Dataset entries:
################
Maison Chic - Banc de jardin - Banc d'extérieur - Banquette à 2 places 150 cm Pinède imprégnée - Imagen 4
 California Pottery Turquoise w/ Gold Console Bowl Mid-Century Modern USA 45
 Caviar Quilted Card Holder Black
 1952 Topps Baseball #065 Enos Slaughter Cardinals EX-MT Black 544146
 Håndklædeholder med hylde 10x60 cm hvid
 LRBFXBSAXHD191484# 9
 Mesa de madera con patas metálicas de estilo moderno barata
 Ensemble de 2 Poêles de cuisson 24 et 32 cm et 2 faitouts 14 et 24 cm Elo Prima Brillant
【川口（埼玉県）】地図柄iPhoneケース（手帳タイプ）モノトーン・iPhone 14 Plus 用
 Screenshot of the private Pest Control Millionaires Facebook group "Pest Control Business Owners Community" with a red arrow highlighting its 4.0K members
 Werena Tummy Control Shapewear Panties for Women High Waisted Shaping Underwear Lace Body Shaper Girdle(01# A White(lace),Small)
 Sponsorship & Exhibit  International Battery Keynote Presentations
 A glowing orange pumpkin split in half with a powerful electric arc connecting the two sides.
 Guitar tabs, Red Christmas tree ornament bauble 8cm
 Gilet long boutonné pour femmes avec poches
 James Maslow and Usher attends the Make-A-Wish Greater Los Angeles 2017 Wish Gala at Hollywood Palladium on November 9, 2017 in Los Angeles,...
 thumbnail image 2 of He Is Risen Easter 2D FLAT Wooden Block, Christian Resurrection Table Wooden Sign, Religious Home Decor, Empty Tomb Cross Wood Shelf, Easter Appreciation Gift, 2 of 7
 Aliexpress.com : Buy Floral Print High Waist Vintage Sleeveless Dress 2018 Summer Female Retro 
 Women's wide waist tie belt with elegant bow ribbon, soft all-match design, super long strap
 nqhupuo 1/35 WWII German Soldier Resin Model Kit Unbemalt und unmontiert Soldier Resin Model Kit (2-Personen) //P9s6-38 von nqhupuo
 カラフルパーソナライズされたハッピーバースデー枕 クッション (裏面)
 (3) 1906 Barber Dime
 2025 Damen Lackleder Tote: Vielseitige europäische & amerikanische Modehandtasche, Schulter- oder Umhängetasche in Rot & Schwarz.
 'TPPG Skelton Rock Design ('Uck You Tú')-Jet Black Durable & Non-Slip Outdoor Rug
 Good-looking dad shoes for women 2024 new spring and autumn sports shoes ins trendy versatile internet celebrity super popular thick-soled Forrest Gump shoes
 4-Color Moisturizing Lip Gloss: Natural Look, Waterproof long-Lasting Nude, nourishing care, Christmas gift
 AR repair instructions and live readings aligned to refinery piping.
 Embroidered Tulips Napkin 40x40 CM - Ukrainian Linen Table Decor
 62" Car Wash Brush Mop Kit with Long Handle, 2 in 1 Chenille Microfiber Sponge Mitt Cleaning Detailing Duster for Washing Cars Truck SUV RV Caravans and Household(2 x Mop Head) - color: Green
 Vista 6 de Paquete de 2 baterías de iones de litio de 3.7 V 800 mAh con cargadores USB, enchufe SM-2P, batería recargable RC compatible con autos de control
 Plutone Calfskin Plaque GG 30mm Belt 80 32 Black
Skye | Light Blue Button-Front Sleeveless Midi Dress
################
Task prompt: Your task is to copy each line of the entries that includes the word "Dress".

Exercise answer:
 Aliexpress.com : Buy Floral Print High Waist Vintage Sleeveless Dress 2018 Summer Female Retro 
Skye | Light Blue Button-Front Sleeveless Midi Dress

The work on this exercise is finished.